ZALARIS
ZAL
ADDITIONAL REGULATED INFORMATION REQUIRED TO BE DISCLOSED UNDER THE LAWS OF A MEMBER STATE
Zalaris ASA: Reminder of expiry of recommended mandatory offer to shareholders tomorrow at 16:30
NOT FOR RELEASE, PUBLICATION OR DISTRIBUTION, IN WHOLE OR IN PART, DIRECTLY OR INDIRECTLY, INTO OR WITHIN AUSTRALIA, CANADA, HONG KONG, JAPAN, NEW ZEALAND, SOUTH AFRICA AND SOUTH KOREA, OR ANY OTHER JURISDICTION IN WHICH THE RELEASE, PUBLICATION OR DISTRIBUTION WOULD BE UNLAWFUL.

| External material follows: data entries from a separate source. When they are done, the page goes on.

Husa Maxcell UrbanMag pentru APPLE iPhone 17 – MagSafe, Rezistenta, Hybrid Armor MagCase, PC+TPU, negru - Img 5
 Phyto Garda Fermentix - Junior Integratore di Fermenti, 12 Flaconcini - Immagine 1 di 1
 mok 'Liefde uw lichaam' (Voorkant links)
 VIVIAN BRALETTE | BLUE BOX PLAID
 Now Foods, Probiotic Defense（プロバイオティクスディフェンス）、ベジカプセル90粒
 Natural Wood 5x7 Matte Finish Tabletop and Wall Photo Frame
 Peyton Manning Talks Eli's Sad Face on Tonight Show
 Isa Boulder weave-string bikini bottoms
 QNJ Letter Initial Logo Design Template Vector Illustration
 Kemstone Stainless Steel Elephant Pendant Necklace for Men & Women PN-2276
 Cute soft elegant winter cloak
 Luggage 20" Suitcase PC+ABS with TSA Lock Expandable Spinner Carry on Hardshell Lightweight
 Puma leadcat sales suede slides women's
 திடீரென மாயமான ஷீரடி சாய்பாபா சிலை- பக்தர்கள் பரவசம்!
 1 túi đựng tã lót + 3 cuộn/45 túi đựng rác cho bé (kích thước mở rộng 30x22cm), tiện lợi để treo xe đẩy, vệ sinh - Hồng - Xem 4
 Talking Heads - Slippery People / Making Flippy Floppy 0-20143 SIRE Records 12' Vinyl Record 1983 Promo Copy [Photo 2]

Zalaris ASA: Reminder of expiry of recommended mandatory offer to shareholders tomorrow at 16:30
Reference is made to the stock exchange announcement made by Zalaris ASA (the "Company") on 15 June 2026, where it was announced that the Financial Supervisory Authority of Norway had approved an offer document for the mandatory offer (the "Offer") by Kona BidCo AS (the "Offeror") to acquire all of the issued and outstanding shares in the Company (the "Shares") not already owned by the Offeror at an offer price of NOK 100 per share, pursuant to an offer document dated 15 June 2026 (the "Offer Document".
The offer price represents the Offeror’s best and final offer to the shareholders of the Company and will not be increased.
Shareholders are hereby reminded that the offer period for the Offer expires at 16:30 CEST, tomorrow, 14 July 2026. The Offeror will not extend the offer period beyond this date.
As previously announced, the Offeror intends to apply for a delisting of the Shares from Euronext Oslo Børs following completion of the Offer, and on 11 August 2026 an extraordinary general meeting will be held in the Company to approve to apply for delisting.
Shareholders wishing to accept the Offer must, prior to expiry of the offer period and in accordance with the procedures set out in the Offer Document, duly complete and return the acceptance form which is included in the Offer Document. Shareholders with BankID may accept the Offer by submitting the electronic acceptance form available via the webpage set out below.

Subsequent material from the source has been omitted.